Scraped caption text data
[Start of Attachment]
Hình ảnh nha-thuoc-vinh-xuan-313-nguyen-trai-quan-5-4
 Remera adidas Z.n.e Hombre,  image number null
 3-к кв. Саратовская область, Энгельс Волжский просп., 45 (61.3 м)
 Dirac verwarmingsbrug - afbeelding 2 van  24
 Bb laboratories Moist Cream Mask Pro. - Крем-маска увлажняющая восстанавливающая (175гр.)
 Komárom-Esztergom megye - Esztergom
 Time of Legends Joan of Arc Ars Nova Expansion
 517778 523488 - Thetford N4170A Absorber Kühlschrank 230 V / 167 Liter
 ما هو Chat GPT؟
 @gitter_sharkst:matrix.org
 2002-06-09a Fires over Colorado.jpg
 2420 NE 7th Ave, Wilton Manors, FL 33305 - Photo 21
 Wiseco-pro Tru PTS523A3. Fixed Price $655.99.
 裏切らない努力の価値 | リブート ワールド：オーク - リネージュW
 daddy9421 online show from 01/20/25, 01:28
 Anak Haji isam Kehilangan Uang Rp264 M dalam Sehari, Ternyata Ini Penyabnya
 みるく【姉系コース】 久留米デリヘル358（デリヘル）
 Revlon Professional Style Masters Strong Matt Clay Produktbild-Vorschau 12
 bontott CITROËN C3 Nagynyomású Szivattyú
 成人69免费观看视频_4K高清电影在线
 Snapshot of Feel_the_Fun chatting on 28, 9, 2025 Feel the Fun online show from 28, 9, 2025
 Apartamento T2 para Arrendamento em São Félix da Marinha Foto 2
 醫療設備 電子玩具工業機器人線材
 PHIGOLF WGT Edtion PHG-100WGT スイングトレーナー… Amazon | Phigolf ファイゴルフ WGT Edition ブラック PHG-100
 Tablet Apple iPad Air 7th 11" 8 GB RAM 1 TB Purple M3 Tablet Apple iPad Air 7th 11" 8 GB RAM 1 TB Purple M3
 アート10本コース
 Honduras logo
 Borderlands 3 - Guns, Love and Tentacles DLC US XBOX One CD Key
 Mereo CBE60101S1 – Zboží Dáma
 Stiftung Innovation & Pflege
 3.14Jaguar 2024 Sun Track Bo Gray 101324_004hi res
[End of Attachment]
**Work item**
Could you retype every record above exactly as written?

**Task answer**
Hình ảnh nha-thuoc-vinh-xuan-313-nguyen-trai-quan-5-4
 Remera adidas Z.n.e Hombre,  image number null
 3-к кв. Саратовская область, Энгельс Волжский просп., 45 (61.3 м)
 Dirac verwarmingsbrug - afbeelding 2 van  24
 Bb laboratories Moist Cream Mask Pro. - Крем-маска увлажняющая восстанавливающая (175гр.)
 Komárom-Esztergom megye - Esztergom
 Time of Legends Joan of Arc Ars Nova Expansion
 517778 523488 - Thetford N4170A Absorber Kühlschrank 230 V / 167 Liter
 ما هو Chat GPT؟
 @gitter_sharkst:matrix.org
 2002-06-09a Fires over Colorado.jpg
 2420 NE 7th Ave, Wilton Manors, FL 33305 - Photo 21
 Wiseco-pro Tru PTS523A3. Fixed Price $655.99.
 裏切らない努力の価値 | リブート ワールド：オーク - リネージュW
 daddy9421 online show from 01/20/25, 01:28
 Anak Haji isam Kehilangan Uang Rp264 M dalam Sehari, Ternyata Ini Penyabnya
 みるく【姉系コース】 久留米デリヘル358（デリヘル）
 Revlon Professional Style Masters Strong Matt Clay Produktbild-Vorschau 12
 bontott CITROËN C3 Nagynyomású Szivattyú
 成人69免费观看视频_4K高清电影在线
 Snapshot of Feel_the_Fun chatting on 28, 9, 2025 Feel the Fun online show from 28, 9, 2025
 Apartamento T2 para Arrendamento em São Félix da Marinha Foto 2
 醫療設備 電子玩具工業機器人線材
 PHIGOLF WGT Edtion PHG-100WGT スイングトレーナー… Amazon | Phigolf ファイゴルフ WGT Edition ブラック PHG-100
 Tablet Apple iPad Air 7th 11" 8 GB RAM 1 TB Purple M3 Tablet Apple iPad Air 7th 11" 8 GB RAM 1 TB Purple M3
 アート10本コース
 Honduras logo
 Borderlands 3 - Guns, Love and Tentacles DLC US XBOX One CD Key
 Mereo CBE60101S1 – Zboží Dáma
 Stiftung Innovation & Pflege
 3.14Jaguar 2024 Sun Track Bo Gray 101324_004hi res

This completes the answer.